(DATA)
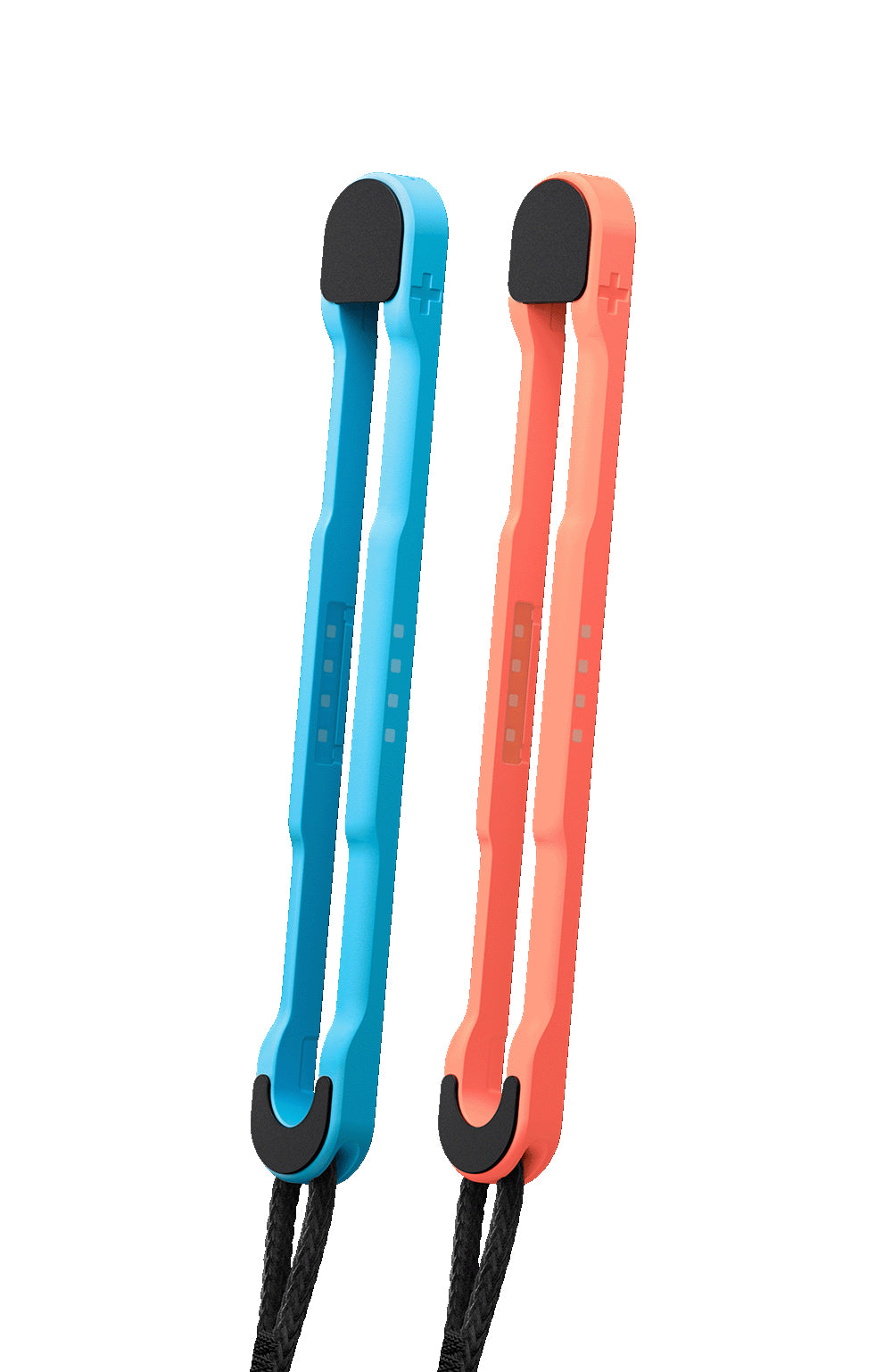 Nintendo Joy-Con 2 Straps (set of 2) Light Blue / Light Red (10015103)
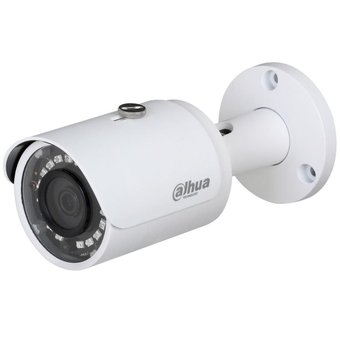  Видеокамера IP Dahua DH-IPC-HFW1230SP-0280B 2.8-2.8мм белый 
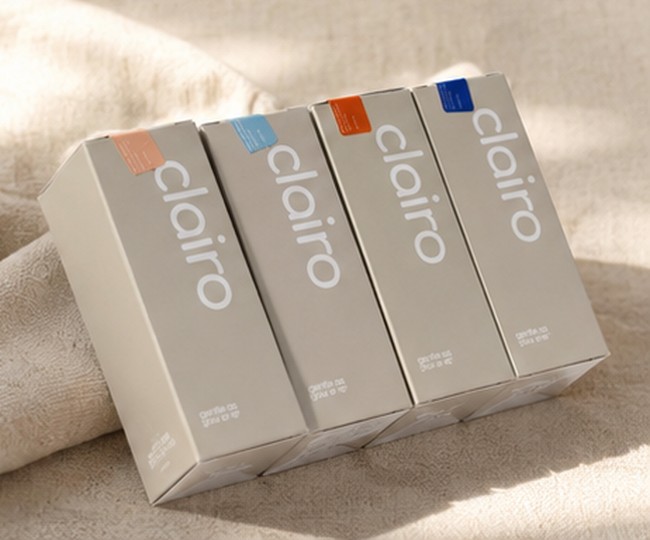 Clairo Deodorant Spray
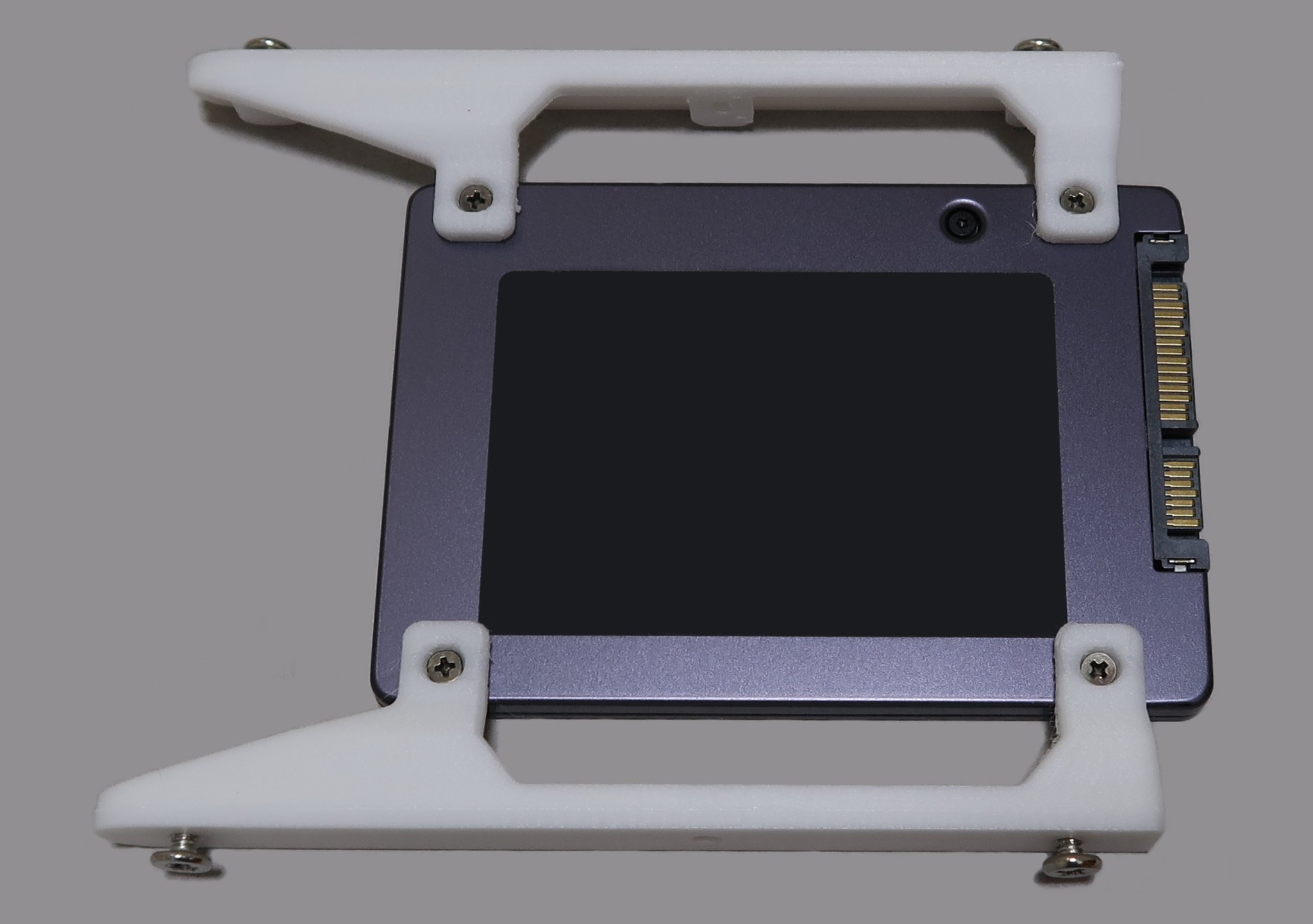 Tiêu đề Giá đỡ khung giảm cho khe cắm HDD SSD 25 thành 35 R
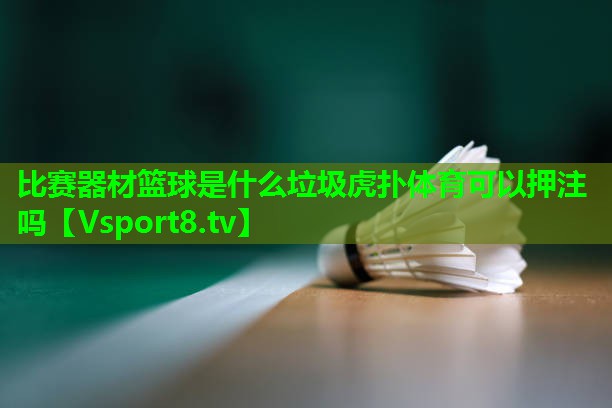 比赛器材篮球是什么垃圾虎扑体育可以押注吗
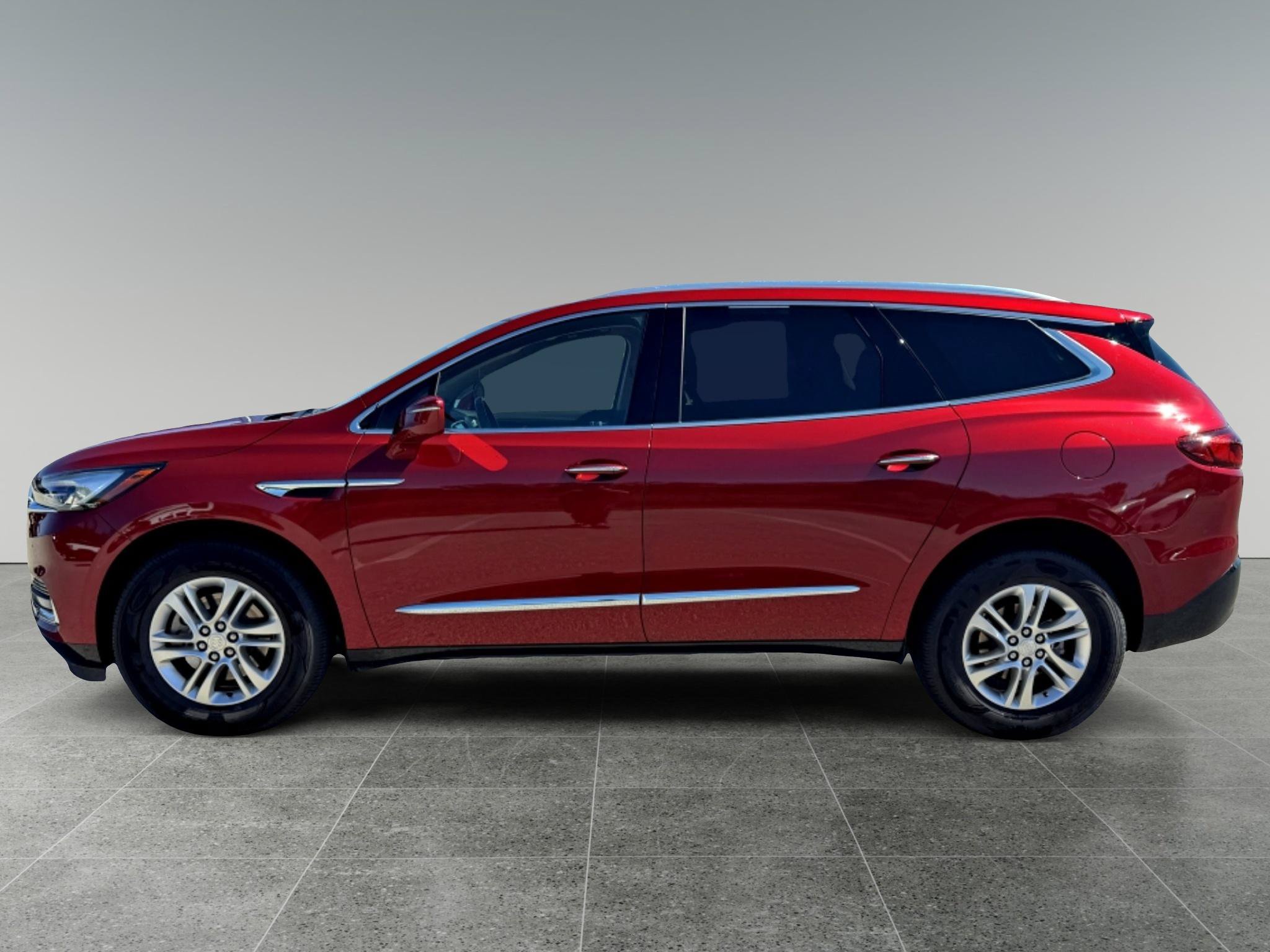 Used 2018 Buick Enclave Essence w/ Trailering Package AWD/4WD image 8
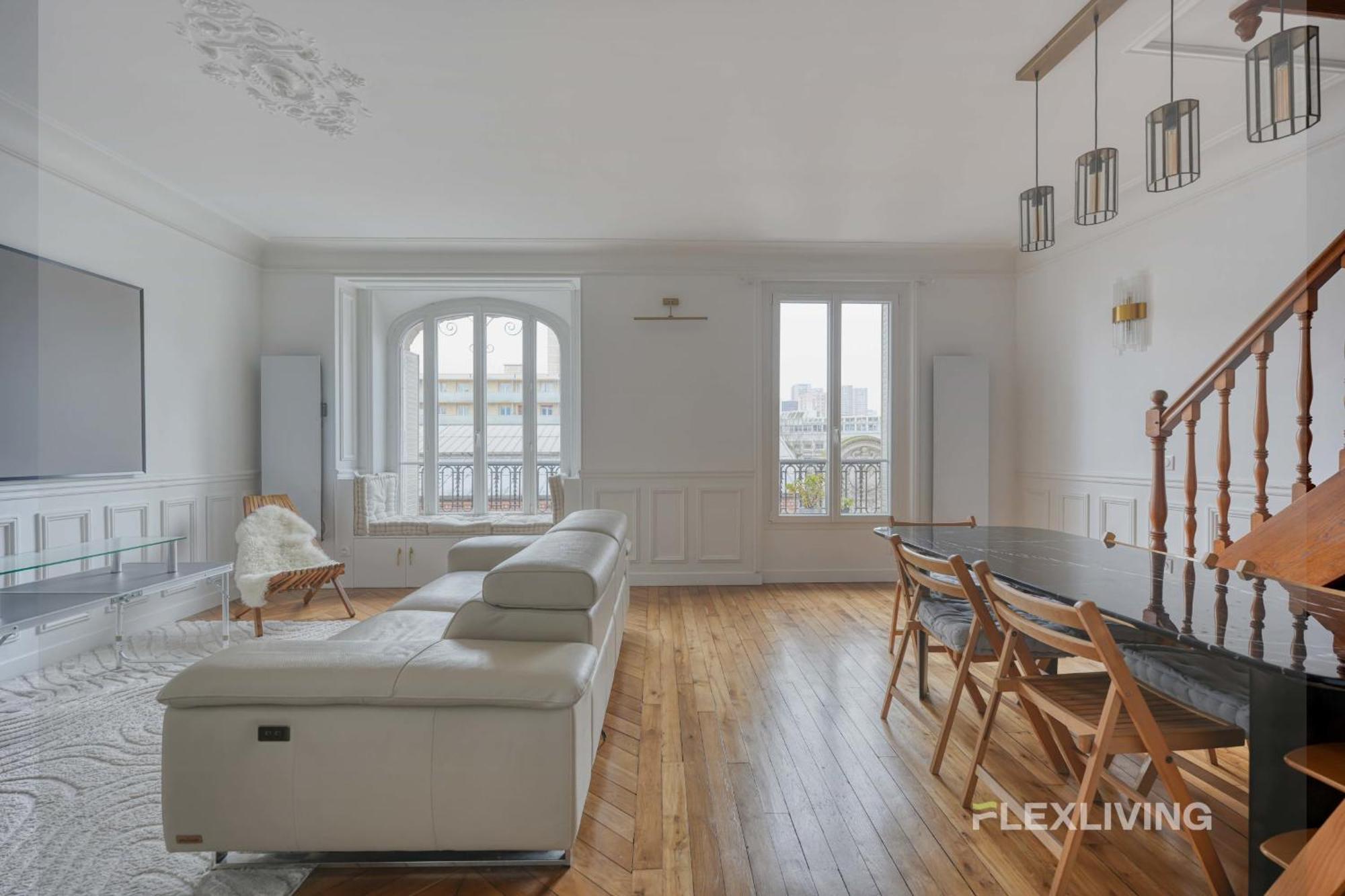Flexliving - Whole House - Vincent Auriol * Paris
(End DATA)
> WHAT IS NEEDED: In the material above, retype exactly the lines that run from the one containing "Clairo Deodorant Spray" through the last line, and keep out the pictures.

> RESULT OF THE TASK:
 Clairo Deodorant Spray
 Tiêu đề Giá đỡ khung giảm cho khe cắm HDD SSD 25 thành 35 R
 比赛器材篮球是什么垃圾虎扑体育可以押注吗
 Used 2018 Buick Enclave Essence w/ Trailering Package AWD/4WD image 8
Flexliving - Whole House - Vincent Auriol * Paris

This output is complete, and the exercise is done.